O trabalho de Cauchy marca o final de um período definido na história da
geometria diferencial. Suas técnicas eram belas, mas tiveram de ceder espaço
aos métodos do gigante que viria a dar o tom final ao assunto e obter os
teoremas mais importantes até então inimagináveis.
* * *
Por
volta de 1820, Gauss foi chamado pelo governo de Hanover para supervisionar um
levantamento topográfico do reino, e vários aspectos dessa tarefa, incluindo
exaustivo trabalho de campo e tediosas triangulações, ocuparam-no por vários
anos, mas propiciaram o estímulo que o conduziu às idéias de sua obra Disquisitiones
generales circa superficies curvas (1827). Já comentamos que Euler havia
percebido que as coordenadas x, y, z de um ponto de uma superfície podem
ser consideradas como funções de duas variáveis independentes u, v, mas
é Gauss quem utiliza tal representação paramétrica sistematicamente. As
variáveis u e v são chamadas de “coordenadas curvilíneas” sobre a
superfície. Gauss introduz a forma diferencial quadrática ds2,
hoje conhecida como primeira forma fundamental, que essencialmente
exprime as distâncias sobre a superfície, e escreve ds2 em
termos de três funções E, F e G de u e v o que lhe
permite escrever equações para as curvas geodésicas[9].

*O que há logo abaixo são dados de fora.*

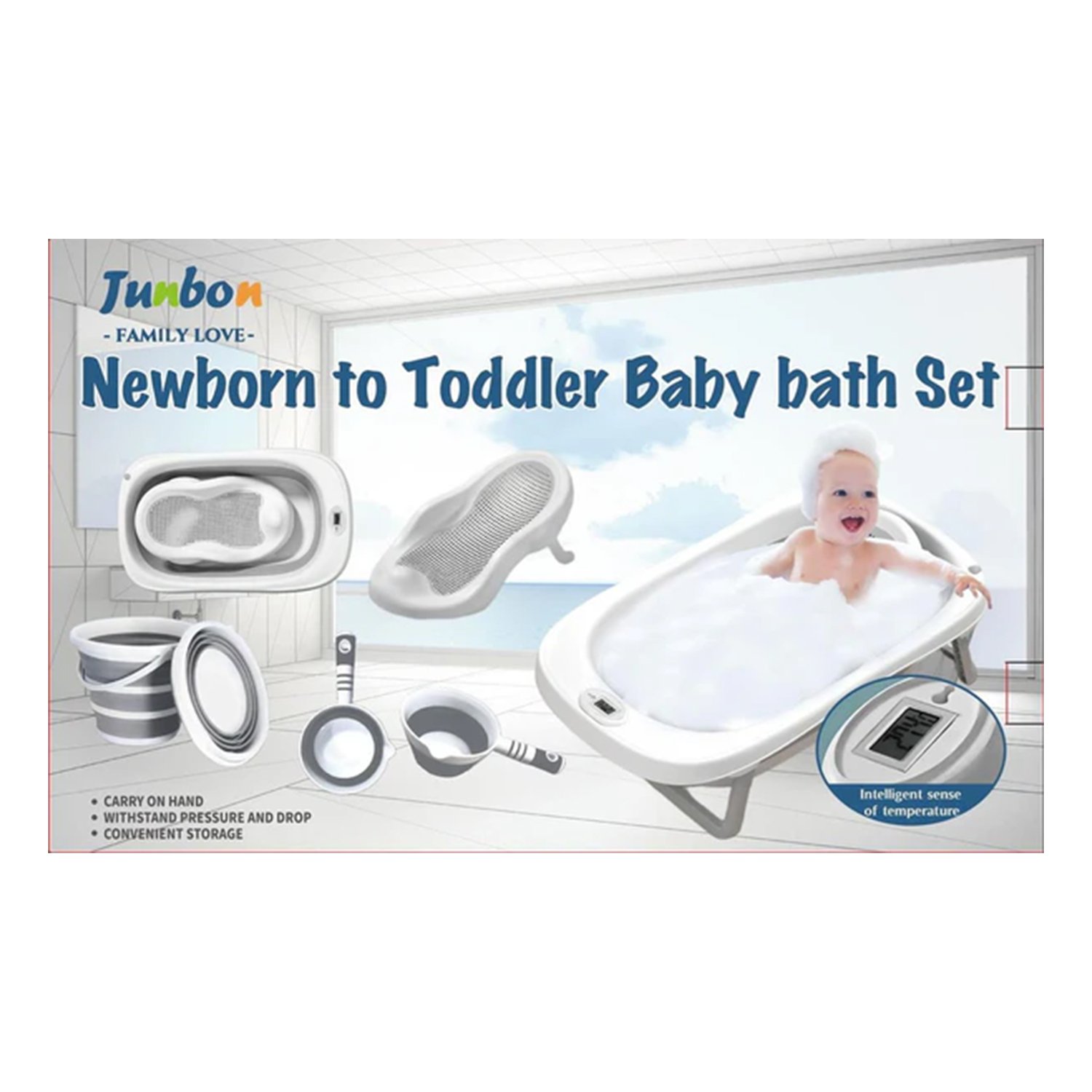 Set Vaskë për Bebe 6 në 1 me Termometër – Newborn to Toddler Bath Set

Inspirado por seus trabalhos em astronomia e geodesia, ele introduz a noção de
“representação esférica” de uma superfície, hoje conhecida como aplicação de
Gauss[10].
O estudo dessa representação o leva a definir a “medida de curvatura” da
superfície em P, hoje conhecida como curvatura Gaussiana[11].
A fim de calcular a curvatura Gaussiana através das coordenadas curvilíneas,
ele introduziu uma outra forma diferencial quadrática, derivada da aplicação de
Gauss e que hoje é conhecida como segunda forma fundamental[12].
Um de seus maiores resultados é o famoso theorema egregium, que afirma
que a curvatura Gaussiana, apesar de ter sido definida através da aplicação de
Gauss e portanto parecer depender de como a superfície está mergulhada no
espaço, depende somente da primeira forma fundamental e é portanto invariante
se transformarmos a superfície sobre outra superfície (ou a deformarmos)
isometricamente (isto é, sem alterar distâncias sobre ela). Dessa maneira, o
cilindro e o cone têm curvatura Gaussiana nula, assim como o plano. Mas a
esfera têm curvatura Gaussiana positiva, sendo esta inversamente proporcional
ao quadrado do raio da esfera. O ponto crucial envolvido no theorema egregium e
em outras realizações de Gauss é o conceito de geometria intrínseca. Ele
mostrou como estudar a geometria de uma superfície operando exclusivamente na
própria superfície, sem se preocupar com o espaço à sua volta onde ela se
encontra. Para tornar isso mais concreto, imaginemos um ser inteligente e
bidimensional que habita uma superfície e não toma conhecimento de uma terceira
dimensão ou de nada que não esteja na superfície. Se essa criatura for capaz de
se mover e medir distâncias ao longo da superfície, então ela também é capaz de
medir a curvatura Gaussiana em qualquer ponto e de criar uma rica geometria na
superfície - essa geometria será Euclidiana (plana) se e somente se a curvatura
Gaussiana for sempre nula.
É um
fato básico de geometria Euclideana que a soma dos ângulos internos de um
triângulo é igual a 180 graus ou p radianos. Quando consideramos um
triângulo geodésico numa superfície (isto é, um triângulo cujos lados são
geodésicas), a soma de seus ângulos internos (em radianos) e p não precisam coincidir, pode haver uma diferença. Outro resultado
fundamental de Gauss é que essa diferença é igual à área da representação
esférica do triângulo (ou, o que dá no mesmo, a integral da curvatura Gaussiana
estendida sobre o triângulo). Este resultado de Gauss estava fortemente ligado
ao seu interesse pelas geometrias não-Euclideanas. Além disso, como será
discutido mais adiante, esse teorema foi sucessivamente generalizado por
gerações posteriores de matemáticos e constitui um resultado seminal no
desenvolvimento da linha de pesquisa global em geometria diferencial.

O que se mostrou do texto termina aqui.